What you have to do:
Please output every entry below exactly as written, leaving out any pictures.

Collection entries:
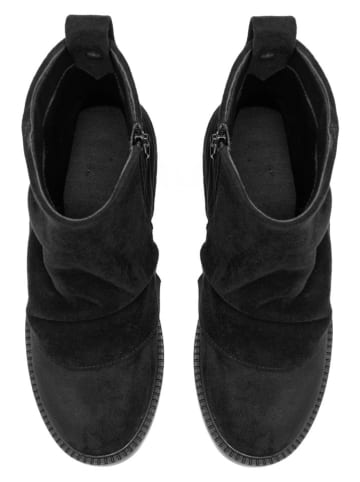 C'M Boots in Schwarz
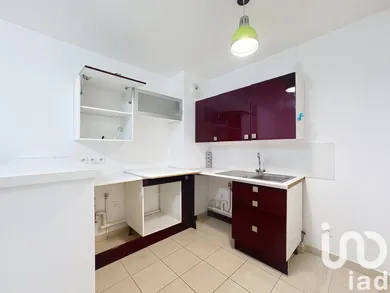 Apartment in Pontault-Combault (77340)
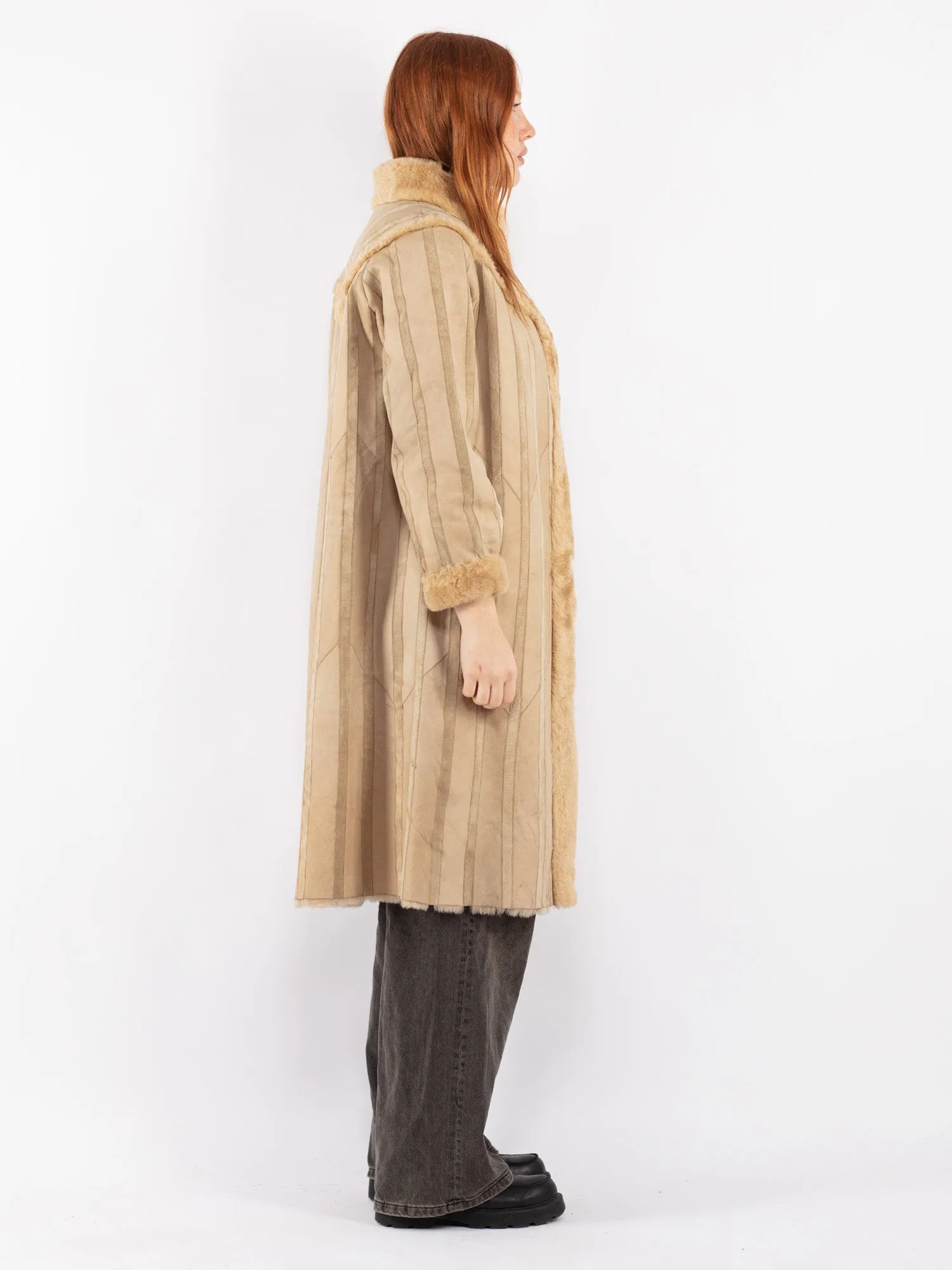 Vintage 70's Women Sheepskin Coat in Beige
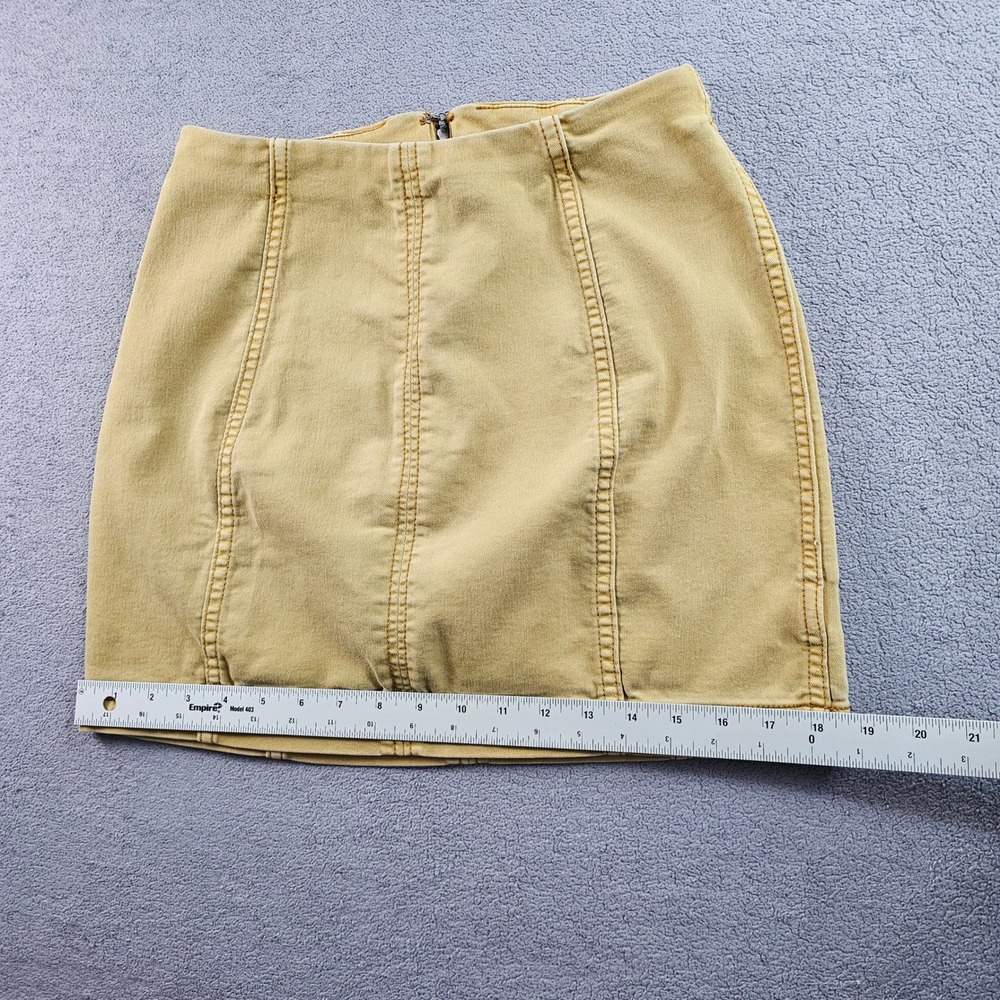 Free People Mini Skirt Womens 8 Khaki Denim Modern Femme Super Stretchy Back Zip - Picture 6 of 12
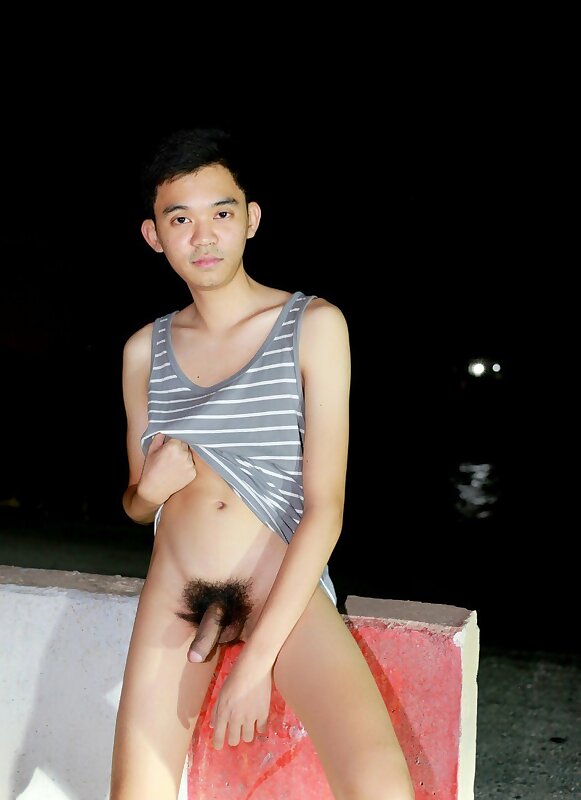 Next Image >>
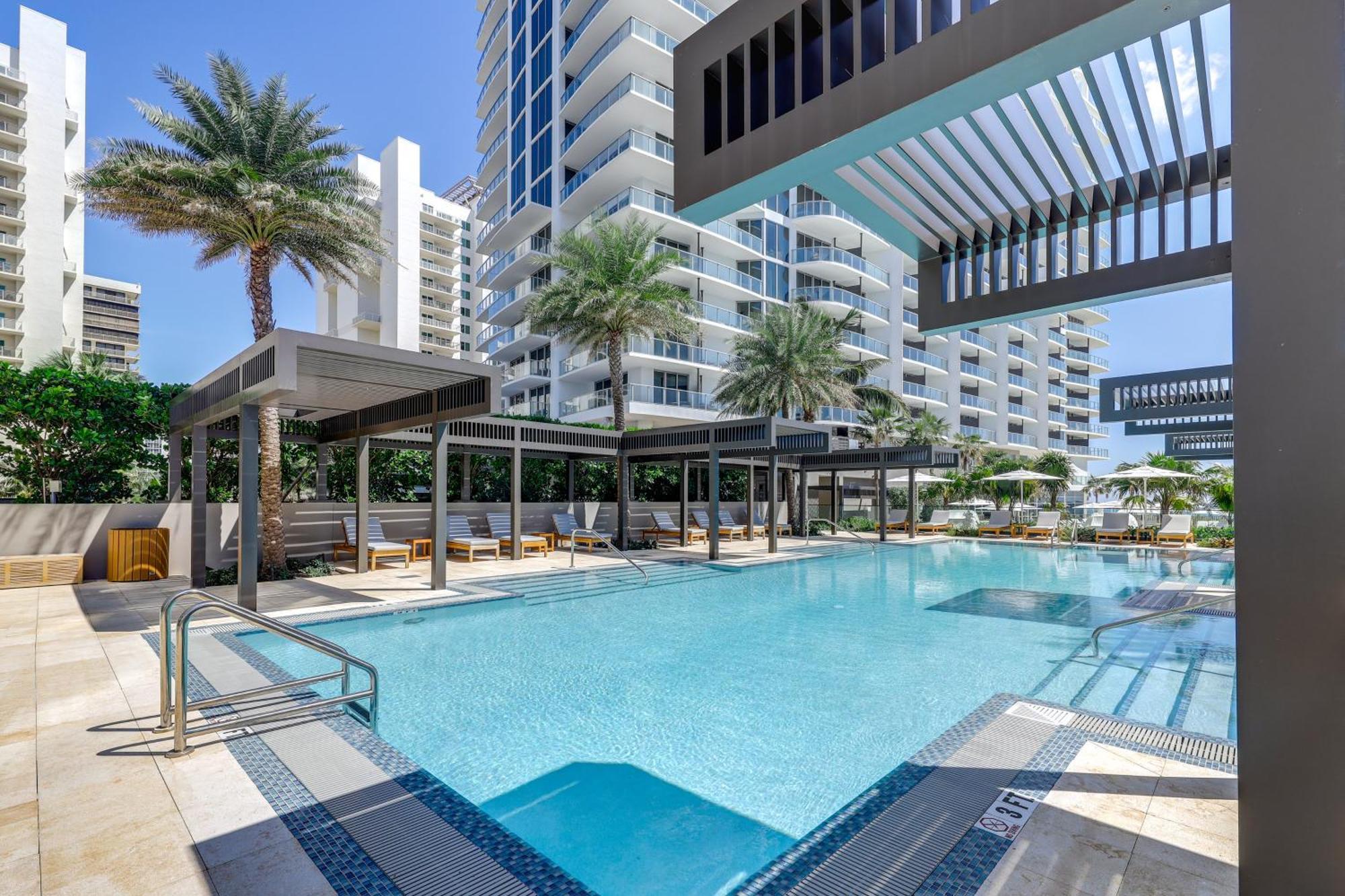 Stunning Ocean Views Riviera Condo! Apartment Riviera Beach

Task solution:
 C'M Boots in Schwarz
 Apartment in Pontault-Combault (77340)
 Vintage 70's Women Sheepskin Coat in Beige
 Free People Mini Skirt Womens 8 Khaki Denim Modern Femme Super Stretchy Back Zip - Picture 6 of 12
 Next Image >>
 Stunning Ocean Views Riviera Condo! Apartment Riviera Beach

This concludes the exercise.